The topic of cochlear implants, middle-ear implants, and brain-stem implants is an active one in the coding and reimbursement of audiology and speech-language pathology evaluation and treatment services. Specific Current Procedural Terminology (CPT) codes are related to testing and rehabilitation for prospective implant patients and patients who have received an implant. Robert Fifer and other members of ASHA's Health Care Economics Committee have drafted and defended CPT proposals to the American Medical Association CPT Editorial Panel to ensure that appropriate codes are available to audiologists and speech-language pathologists to report auditory implant device-related procedures. These questions and answers focus on coverage and procedural coding of these services.
Q: I am an audiologist and am seeing a Medicare beneficiary for auditory rehabilitation following a cochlear implant. Can I bill Medicare for CPT 92633 (auditory rehabilitation; postlingual hearing loss)?

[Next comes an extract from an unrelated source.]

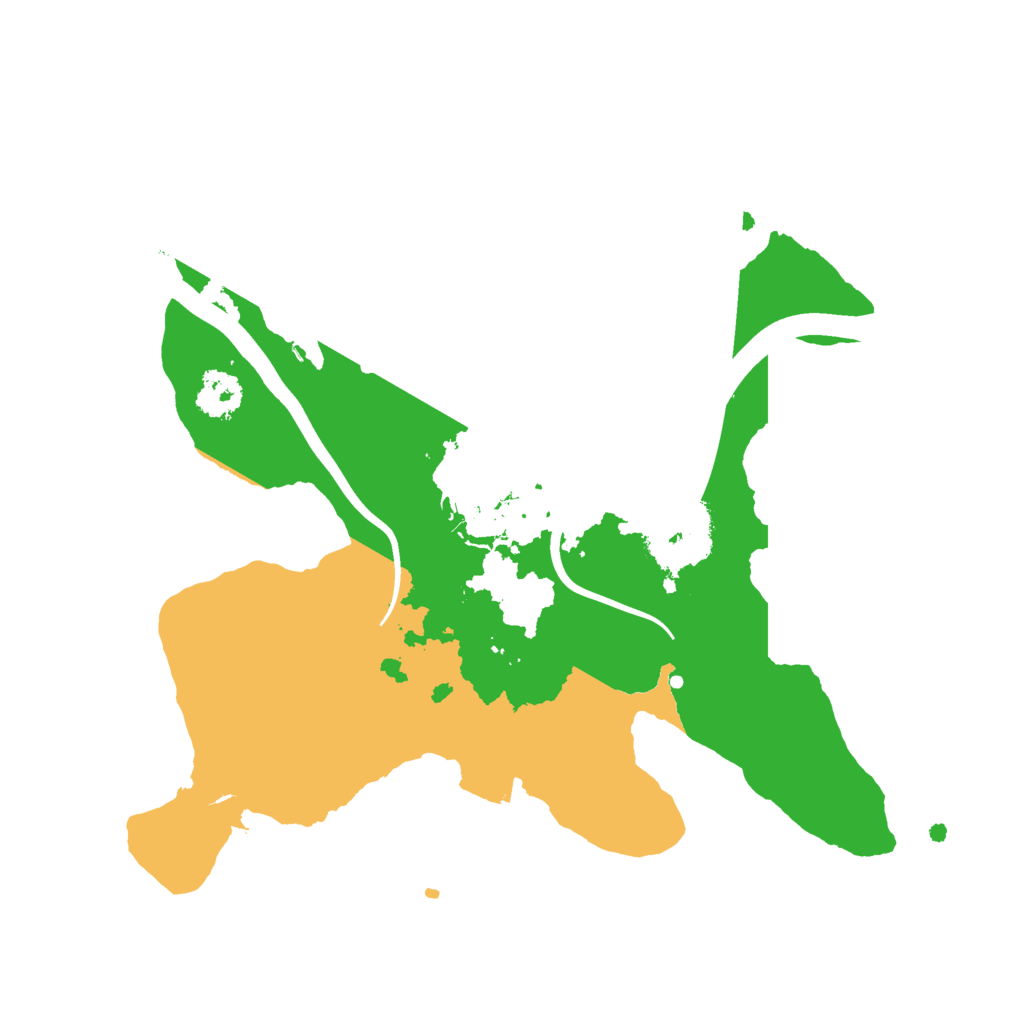 Biome Rust Map: Procedural Map, Size: 2250, Seed: 2028321918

No. Medicare covers only diagnostic audiology services. The Medicare statute needs to be amended to permit audiologists to bill for rehabilitation services. ASHA is working to accomplish that goal.
Q: I am an SLP and work in a hospital. Can the hospital bill Medicare for CPT 92633 (auditory rehabilitation; postlingual hearing loss) when I provide the procedure?
No. Although SLPs can provide Medicare rehabilitation services, the Centers for Medicare and Medicaid Services (CMS) made the decision not to cover 92633—and also not to cover CPT 92630, auditory rehabilitation; prelingual hearing loss—to clarify that audiologists could not bill for the procedure. CMS instructs SLPs providing auditory rehabilitation to Medicare beneficiaries to use CPT 92507 (treatment of speech, language, voice, communication, and/or auditory processing).
Q: Can the hospital, my employer, bill a private health plan (e.g., an employer-sponsored health plan) for CPT 92633 when I provide the service? I'm an SLP.
The hospital definitely can bill a private health plan for CPT 92633. Only Medicare disallows CPT 92633. You may want to check the health plan's Web site to ensure that 92633 is included in its medical policy. For example, Cigna has a Healthcare Coverage Position (0180) that specifically lists 92630 and 92633 as covered procedures when medically necessary (search "aural rehabilitation" on Cigna's Web site). The summary of the Cigna coverage position states, "AR is indicated for the treatment of such impairment and is a medically necessary component of the management of cochlear device and auditory brainstem implantation."
Q: As an audiologist in private practice, can I bill a private health plan (e.g., an employer-sponsored health plan) for CPT 92633 when I provide the service?
Yes, you can bill a private health plan for CPT 92633. Only Medicare disallows CPT 92633. As stated above, you may want to check the health plan's Web site to ensure that 92633 is included in its medical policy. The Cigna policy is a good one for you to review to see how private health plans view AR.
Q: I am a private-practice audiologist and have a Medicare provider number. What CPT code should I use when seeing a 15-year-old patient who has just had a cochlear implant?
The code for this situation is CPT 92603 (diagnostic analysis of cochlear implant, age 7 years or older; with programming). For follow-up services you can use CPT 92604 (subsequent reprogramming).
Q: I recently took a position as an audiologist in an auditory implant center. Is there a code for programming an auditory brainstem implant? I know Medicare covers the surgery.
The correct code is CPT 92640 (diagnostic analysis with programming of auditory brainstem implant, per hour).